## EXERCISE
Every line from the one bearing "Orfofe Massager 2-St" through the last line of the records below is to be output exactly, and no other line; leave out the pictures.

## WORKING DATA
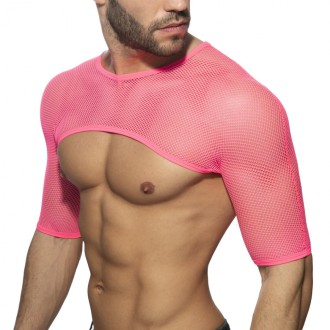 Addicted Shoulder Top neon neon pink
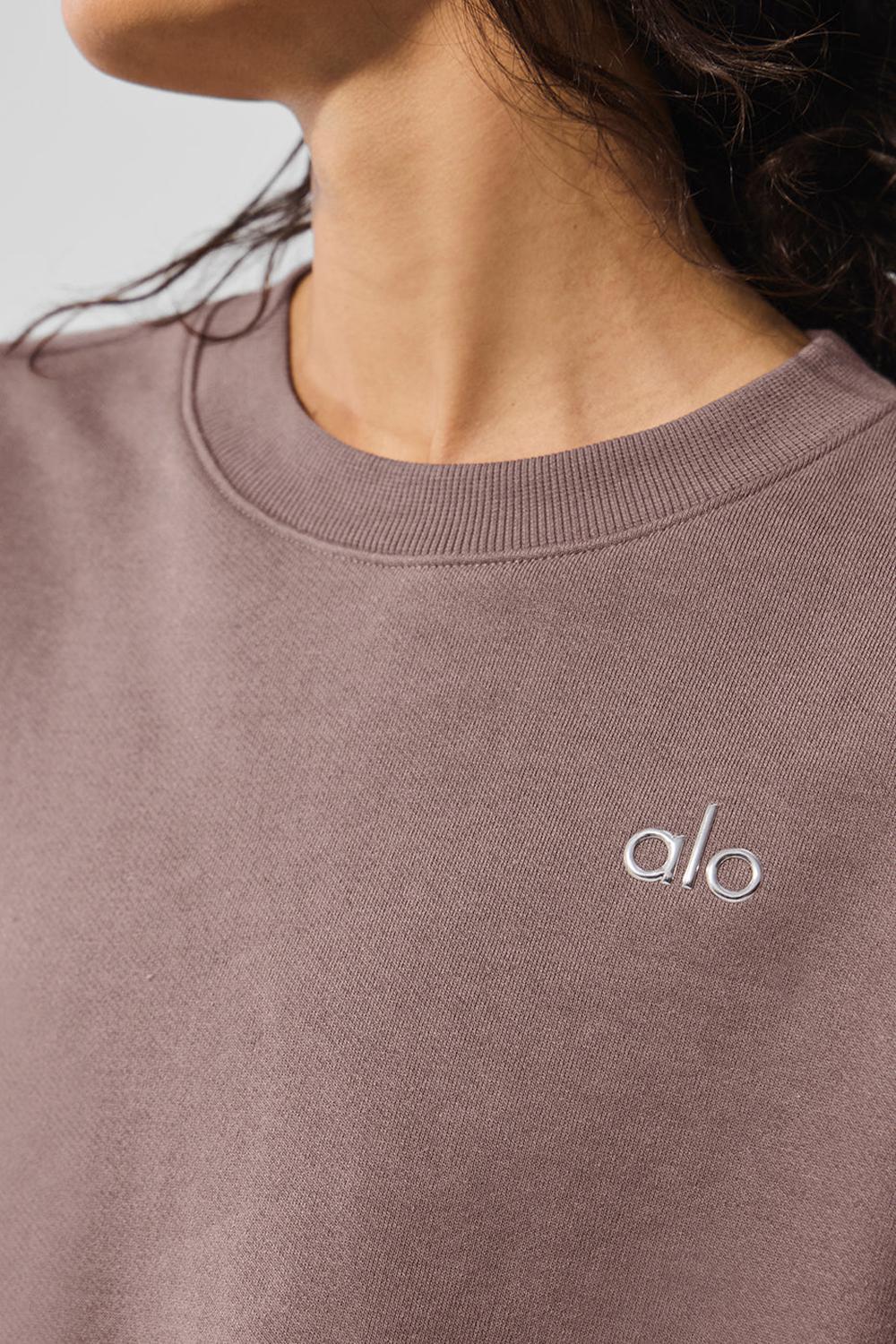 Alo Yoga Accolade Crew Neck Naisten Villapusero Mushroom | Suomi  3856-GFXAO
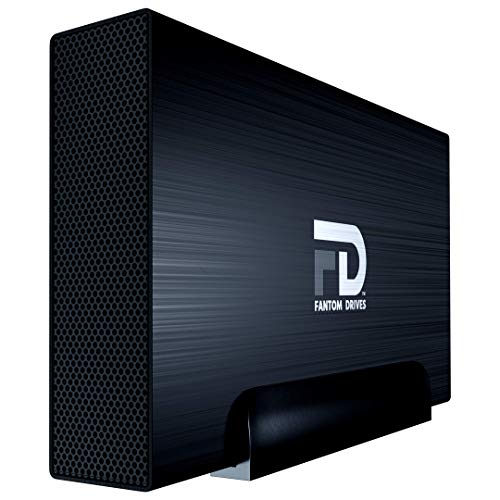 Fantom Drives 10TB External Hard Drive - USB 3.2 & eSATA - GForce 3 Aluminum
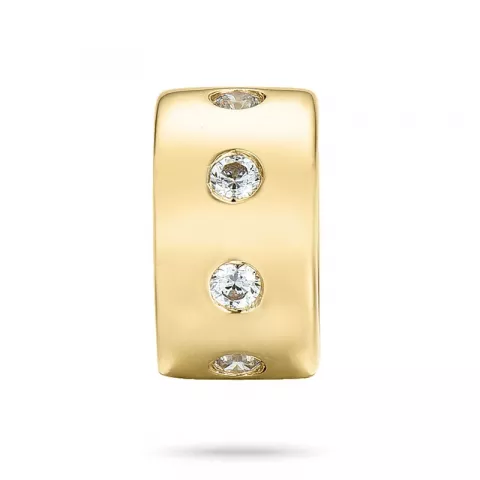 elegant diamant hanger in 14 caraat goud 0,252 ct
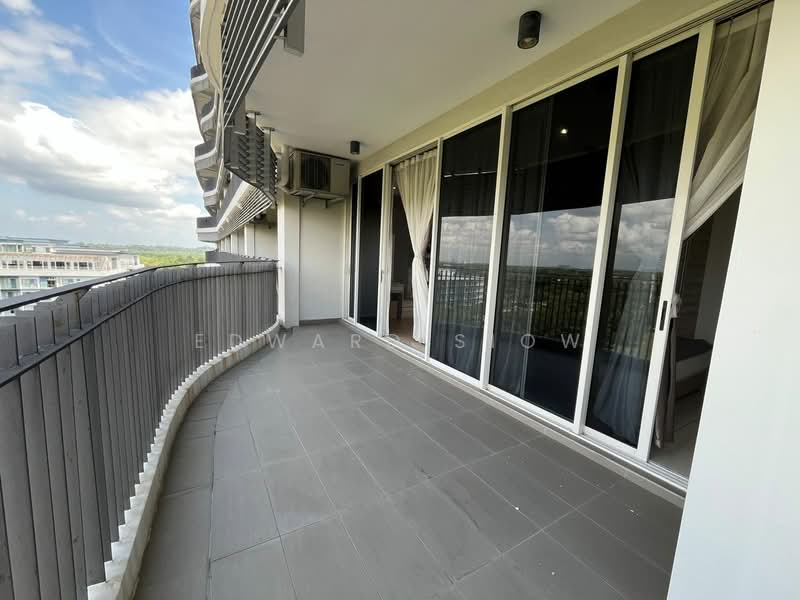 Service Residence for Rent at Encorp Marina - Edward Siow - Balcony - PropertyGuru.com.my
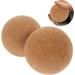 Orfofe Massager 2-St Yogall Cork Peanut - Fascia Neck & Foot Massage Device | High-Density Yoga Aid Ball (100mm) - International Shipping Available - Buy Online on GoSupps.com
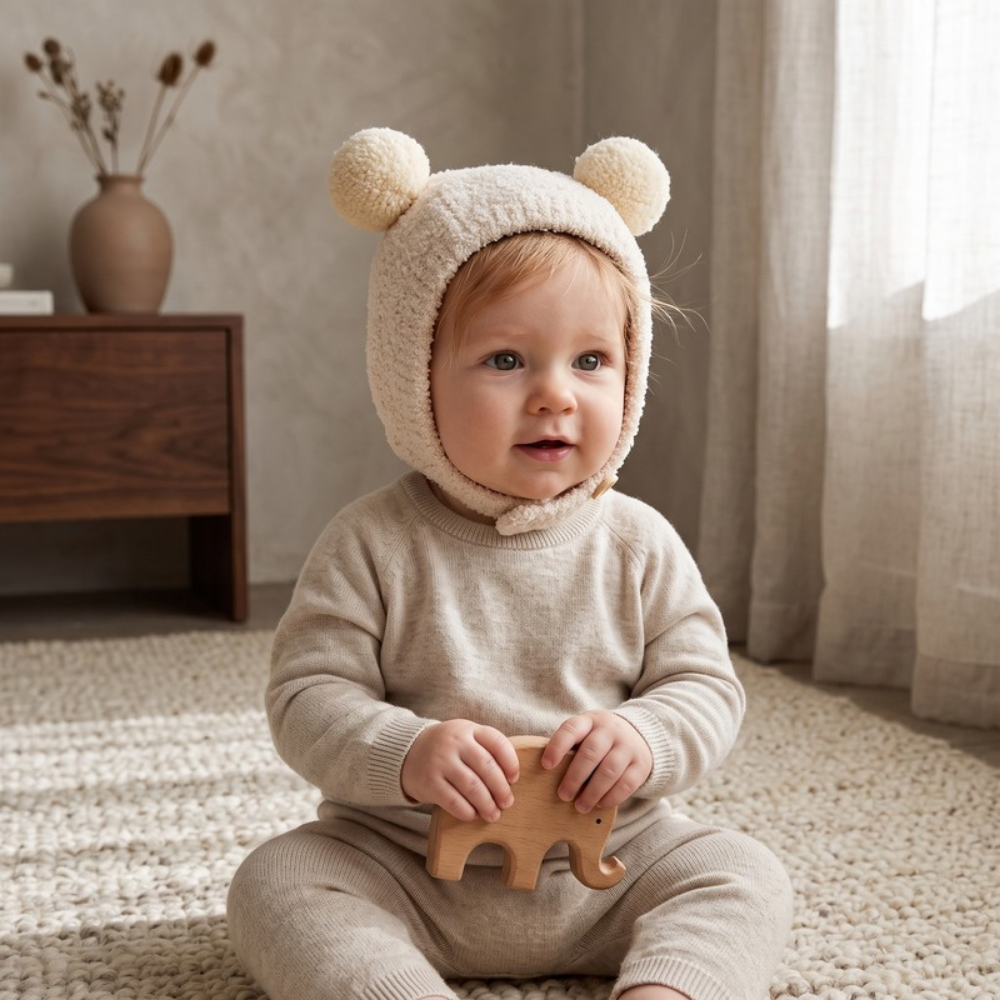 Lilo Pom Pom Beanie - Beige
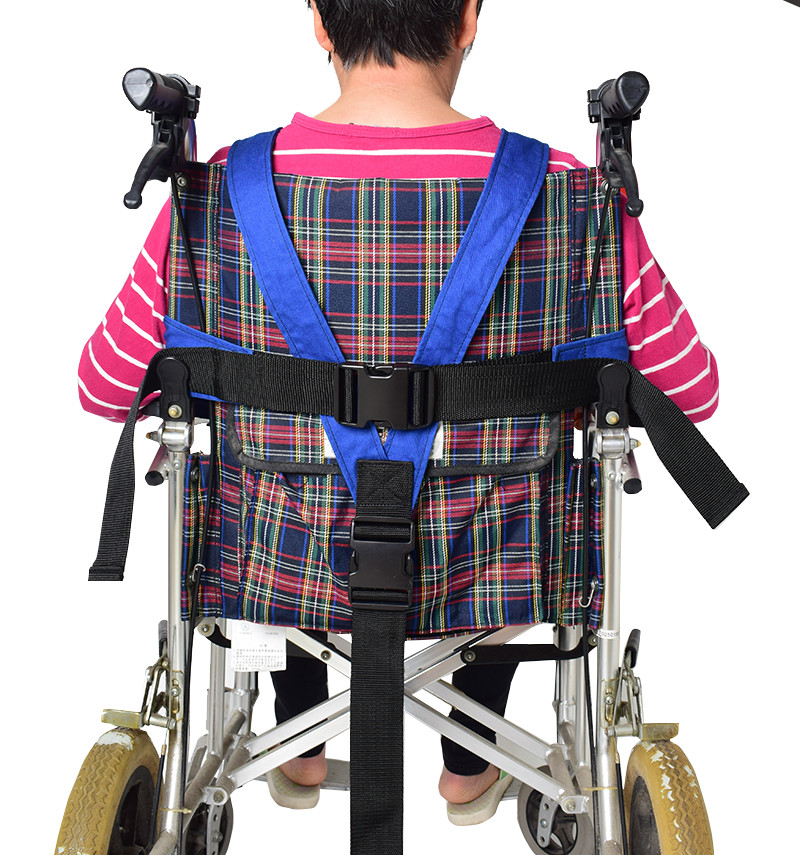 Nylon Webbing Wheelchair Accessories Blue Mesh T - Shaped Anti - Skid Tape
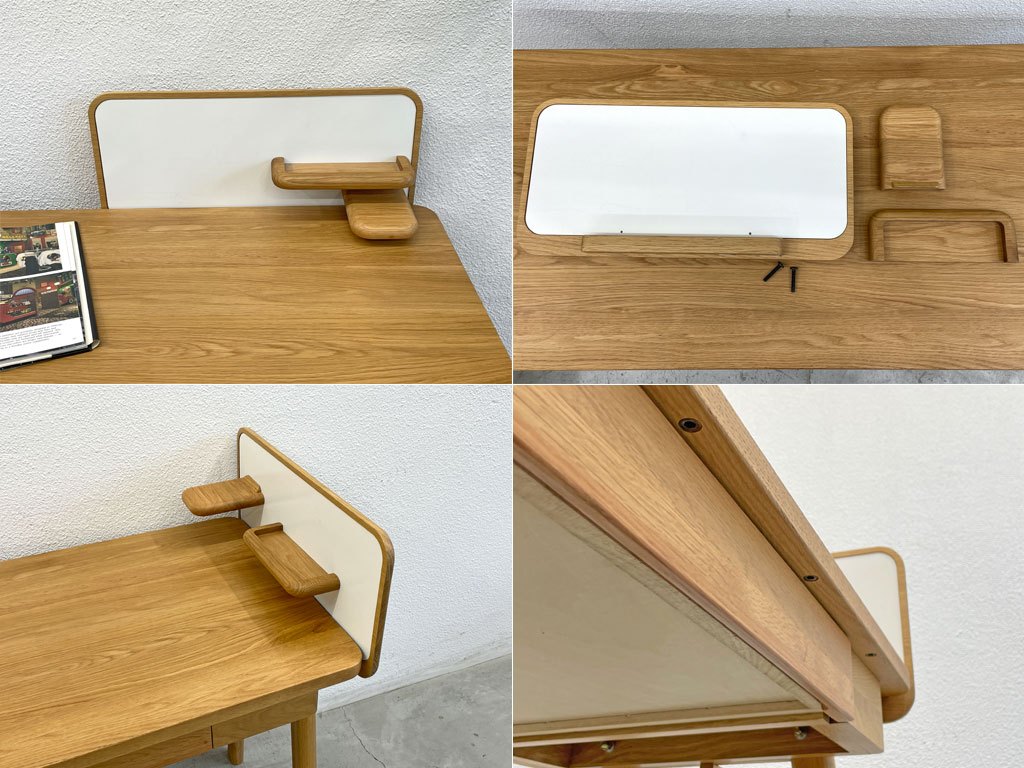 アクタス ACTUS サークル デスクセット sarcle desk set 1 チェスト付き オーク無垢材 定価163,900〓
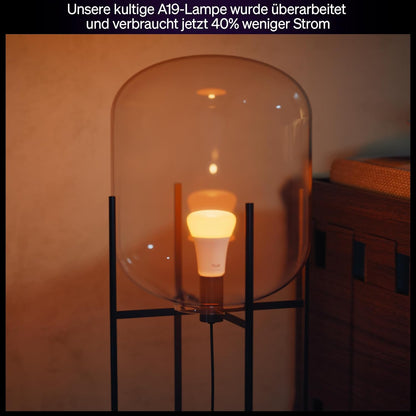 Philips Hue Smart LED A67 Lampe, Weiß und Color Ambiance, E27 Fassung, 11,8W, Vollspektrumlicht 1000K-20000K, 1600 Lumen, dimmbar, kompatibel mit Alexa, Google Assistant und Apple Home, 1er Pack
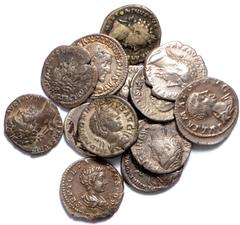 Ancient Coins Denarii (13), including Maximinus I, Rome, AD 236, IMP MAXIMINVS PIVS AVG, laureate, draped and cuirassed bust r., rev. VICTORIA AVG, Victory advancing r., holding wreath and palm, wt. 2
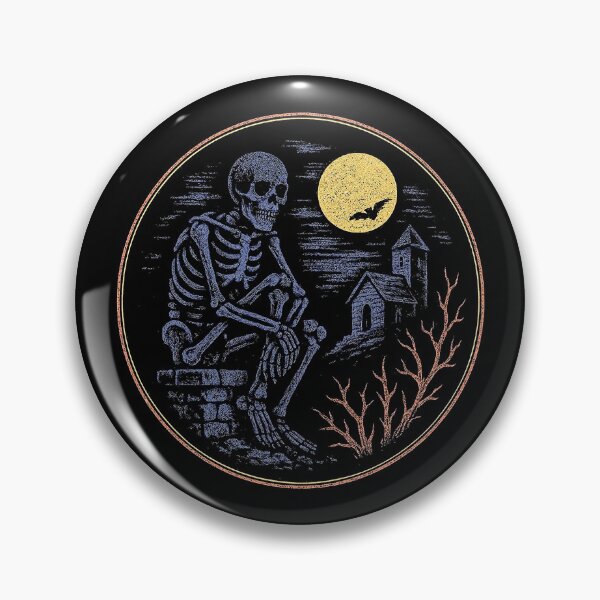 Item preview, Moonlit Skeleton's Silent Contemplation designed and sold by zzz888.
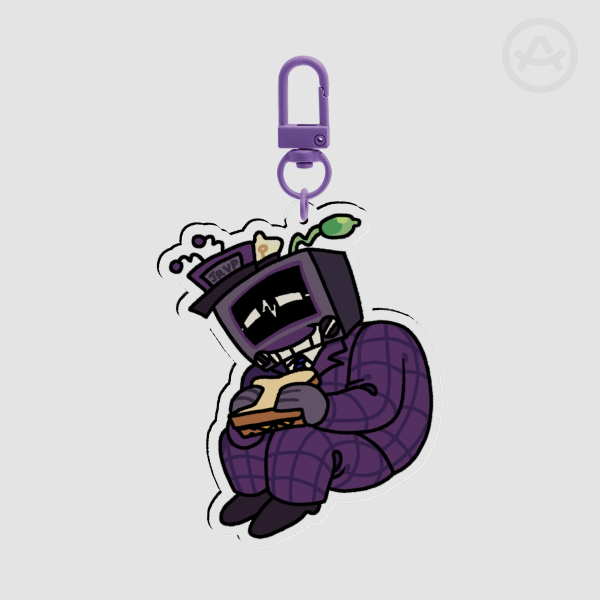 Multislacker (Cathal Ray Toby Bravecog) - Clear Acrylic Keychain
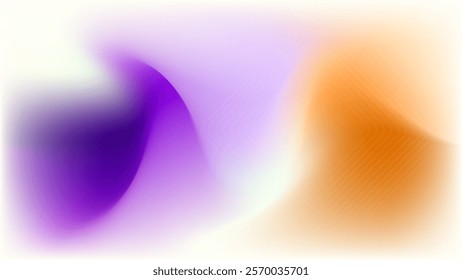 ABSTRACT ORANGE PURPLE GRADIENT MESH BACKGROUND SMOOTH LIQUID COLORFUL BLURRED DESIGN VECTOR TEMPLATE GOOD FOR MODERN WEBSITE, WALLPAPER, COVER DESIGN 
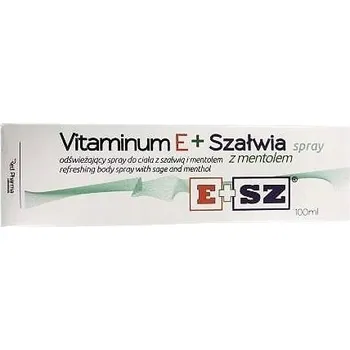 Tělový sprej Vitaminum E+ Šalvěj osvěžující tělový sprej se šalvějí a mentolem 100 ml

## SOLVED PROBLEM
 Orfofe Massager 2-St Yogall Cork Peanut - Fascia Neck & Foot Massage Device | High-Density Yoga Aid Ball (100mm) - International Shipping Available - Buy Online on GoSupps.com
 Lilo Pom Pom Beanie - Beige
 Nylon Webbing Wheelchair Accessories Blue Mesh T - Shaped Anti - Skid Tape
 アクタス ACTUS サークル デスクセット sarcle desk set 1 チェスト付き オーク無垢材 定価163,900〓
 Philips Hue Smart LED A67 Lampe, Weiß und Color Ambiance, E27 Fassung, 11,8W, Vollspektrumlicht 1000K-20000K, 1600 Lumen, dimmbar, kompatibel mit Alexa, Google Assistant und Apple Home, 1er Pack
 Ancient Coins Denarii (13), including Maximinus I, Rome, AD 236, IMP MAXIMINVS PIVS AVG, laureate, draped and cuirassed bust r., rev. VICTORIA AVG, Victory advancing r., holding wreath and palm, wt. 2
 Item preview, Moonlit Skeleton's Silent Contemplation designed and sold by zzz888.
 Multislacker (Cathal Ray Toby Bravecog) - Clear Acrylic Keychain
 ABSTRACT ORANGE PURPLE GRADIENT MESH BACKGROUND SMOOTH LIQUID COLORFUL BLURRED DESIGN VECTOR TEMPLATE GOOD FOR MODERN WEBSITE, WALLPAPER, COVER DESIGN 
 Tělový sprej Vitaminum E+ Šalvěj osvěžující tělový sprej se šalvějí a mentolem 100 ml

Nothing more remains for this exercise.